The Department of Justice also said it will allow two related deals: an offer from Apple, Microsoft, and Research in Motion to buy Nortel's patent portfolio and Apple's bid to acquire certain Novell patents.
"The [Antitrust] division concluded that the specific transactions at issue are not likely to significantly change existing market dynamics," the Justice Department said.
The European Commission also approved the Motorola deal because regulators did not deem it to be a threat to competition, though there was some concern expressed about how Google might use its strengthened patent portfolio.
"We have approved the acquisition of Motorola Mobility by Google because, upon careful examination, this transaction does not itself raise competition issues," said Joaquin Almunia, Commission vice president in charge of competition policy. "Of course, the Commission will continue to keep a close eye on the behavior of all market players in the sector, particularly the increasingly strategic use of patents."

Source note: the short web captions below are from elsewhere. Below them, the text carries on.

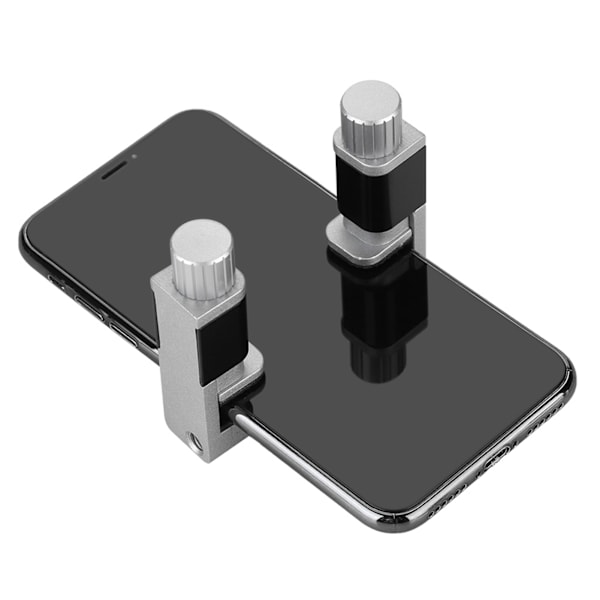 2 kpl säädettävä pidike LCD-näytön kiinnitys Kiinnityspidike puhelimen tabletin korjaustyökalu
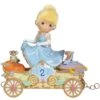 Precious Moments Disney® 4.5" Age 2 Bibbidi Bobbidi Boo Birthday Parade Figurine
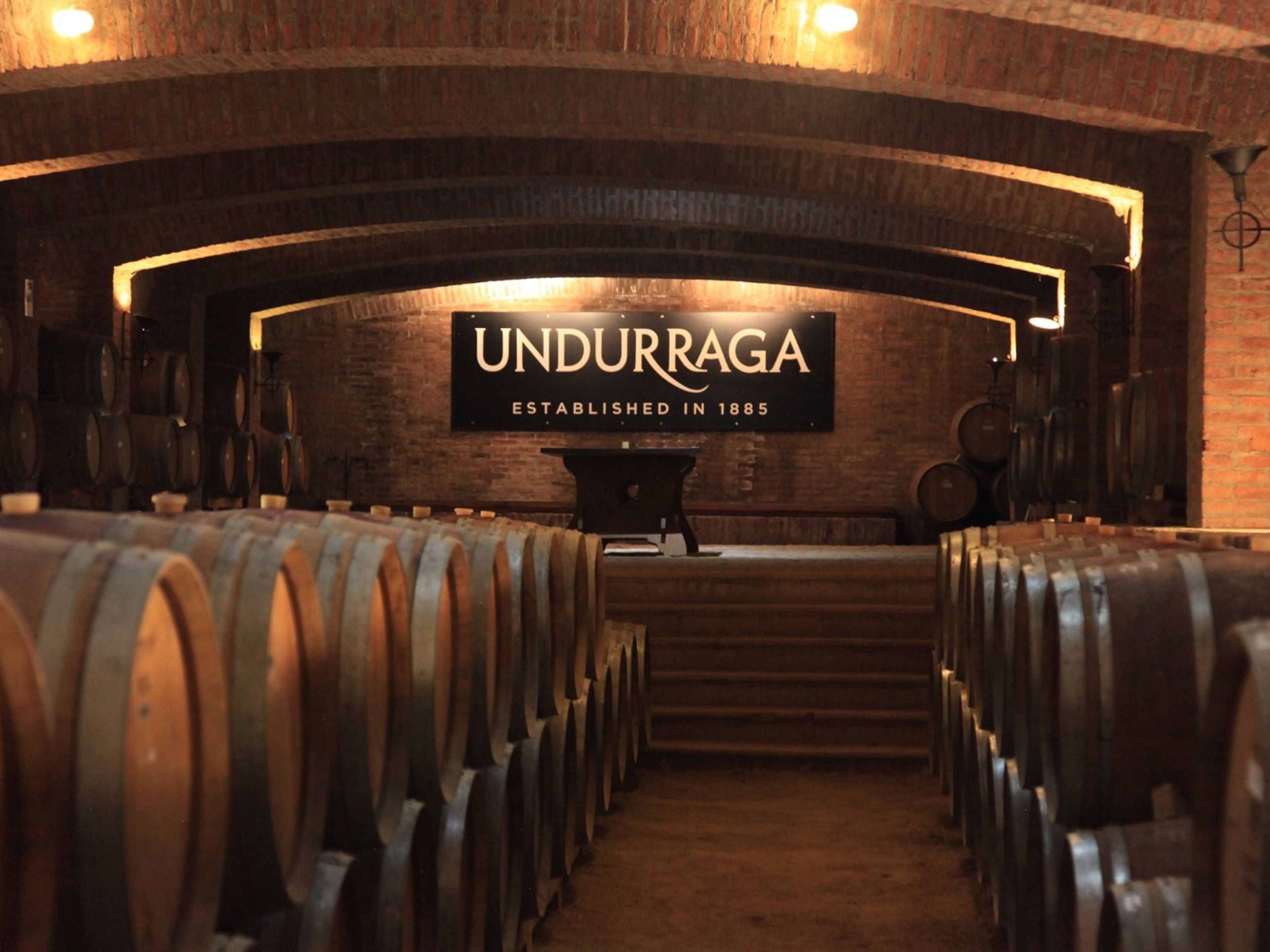 “WEINGUT UNDURRAGA” Tour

Google vice president and deputy general counsel Don Harrison expressed satisfaction with the European Commission decision in a blog post, which was amended in the afternoon after the Department of Justice announced its decision.
Google's interest in Motorola is first and foremost because of the phone maker's patents. Many of the major technology companies operating in the mobile market are suing each other for patent infringement, or threatening such suits to obtain patent licensing fees. On Friday, Apple fired the latest salvo in its patent war against Motorola Mobility, alleging breach of contract in an effort to halt a lawsuit that Motorola Mobility brought against Apple in Germany.
Google CEO Larry Page said last August that his company's bid for Motorola Mobility "will increase competition by strengthening Google's patent portfolio, which will enable us to better protect Android from anti-competitive threats from Microsoft, Apple, and other companies."
Google also is apparently serious about becoming a maker of hardware. Last year when the Motorola Mobility deal was announced, many analysts speculated that Google intended to spin off Motorola's hardware business so that Google's Android hardware partners, such as Samsung, would not see Google as a potential competitor. But lately, it looks more and more like Google wants to emulate Apple by controlling both the software and hardware layers in its products.
Google suggested that workplace renovation goes hand-in-hand with product innovation. "Just as we continuously work to improve our products, it's important to iterate on our workspace to keep us productive," a company spokesperson said via email. "That's why we are adding additional meeting and work space to our campus in Mountain View."
Although Google isn't yet acknowledging its emerging interest in hardware, prototypes of what's believed to be a future Google music streaming device are presently being tested with the blessing of the Federal Communications Commission.